**What you will do:** Transcribe, exactly as they appear, only the lines from the one holding "LF 닥스 바넷 브라운 DD로고패턴 크로스백_DBBA4F762W3" through the end of the entries below.

<<<<

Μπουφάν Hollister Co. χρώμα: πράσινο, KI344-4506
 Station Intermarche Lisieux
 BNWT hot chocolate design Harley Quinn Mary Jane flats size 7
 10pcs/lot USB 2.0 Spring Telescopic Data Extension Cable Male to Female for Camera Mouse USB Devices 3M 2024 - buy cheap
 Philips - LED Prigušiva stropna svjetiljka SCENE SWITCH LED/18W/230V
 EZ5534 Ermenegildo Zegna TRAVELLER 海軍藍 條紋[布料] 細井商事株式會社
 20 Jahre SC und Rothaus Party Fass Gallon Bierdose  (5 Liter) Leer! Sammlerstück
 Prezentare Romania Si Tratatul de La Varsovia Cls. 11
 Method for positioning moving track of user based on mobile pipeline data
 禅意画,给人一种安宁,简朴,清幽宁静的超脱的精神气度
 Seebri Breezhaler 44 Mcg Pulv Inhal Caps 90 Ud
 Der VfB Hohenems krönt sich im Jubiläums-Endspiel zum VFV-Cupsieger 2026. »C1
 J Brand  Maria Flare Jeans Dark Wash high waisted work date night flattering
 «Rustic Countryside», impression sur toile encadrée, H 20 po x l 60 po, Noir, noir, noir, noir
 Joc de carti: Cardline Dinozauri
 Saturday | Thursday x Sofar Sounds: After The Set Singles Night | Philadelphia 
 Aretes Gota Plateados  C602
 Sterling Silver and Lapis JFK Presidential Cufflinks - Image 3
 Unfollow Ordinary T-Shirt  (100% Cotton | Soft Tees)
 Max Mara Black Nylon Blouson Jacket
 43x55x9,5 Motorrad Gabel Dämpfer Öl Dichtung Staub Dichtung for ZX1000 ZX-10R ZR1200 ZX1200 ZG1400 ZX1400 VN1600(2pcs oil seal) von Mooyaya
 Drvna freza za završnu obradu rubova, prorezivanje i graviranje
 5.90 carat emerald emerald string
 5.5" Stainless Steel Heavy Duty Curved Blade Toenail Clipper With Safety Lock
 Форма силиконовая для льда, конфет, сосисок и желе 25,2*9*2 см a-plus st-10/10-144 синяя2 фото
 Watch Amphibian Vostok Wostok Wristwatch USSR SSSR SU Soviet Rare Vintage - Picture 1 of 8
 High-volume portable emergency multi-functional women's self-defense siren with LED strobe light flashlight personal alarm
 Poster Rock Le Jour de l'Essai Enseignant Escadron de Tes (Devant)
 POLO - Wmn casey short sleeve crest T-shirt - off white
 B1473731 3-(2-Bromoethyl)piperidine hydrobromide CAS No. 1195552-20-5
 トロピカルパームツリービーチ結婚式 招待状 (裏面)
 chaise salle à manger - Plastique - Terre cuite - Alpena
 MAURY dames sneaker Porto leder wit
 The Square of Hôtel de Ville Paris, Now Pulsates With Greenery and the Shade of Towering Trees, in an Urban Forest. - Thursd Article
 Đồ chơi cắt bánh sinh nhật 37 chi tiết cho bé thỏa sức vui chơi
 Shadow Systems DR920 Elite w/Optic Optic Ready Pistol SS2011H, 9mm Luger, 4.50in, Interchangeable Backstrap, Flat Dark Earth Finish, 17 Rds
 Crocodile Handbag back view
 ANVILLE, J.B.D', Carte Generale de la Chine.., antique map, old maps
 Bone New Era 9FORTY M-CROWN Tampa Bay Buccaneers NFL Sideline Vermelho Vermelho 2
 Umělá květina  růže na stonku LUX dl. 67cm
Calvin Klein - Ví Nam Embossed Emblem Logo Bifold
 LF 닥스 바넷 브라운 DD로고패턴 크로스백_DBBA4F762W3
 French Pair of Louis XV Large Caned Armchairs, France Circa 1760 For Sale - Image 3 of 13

>>>>

**Solution:**
 LF 닥스 바넷 브라운 DD로고패턴 크로스백_DBBA4F762W3
 French Pair of Louis XV Large Caned Armchairs, France Circa 1760 For Sale - Image 3 of 13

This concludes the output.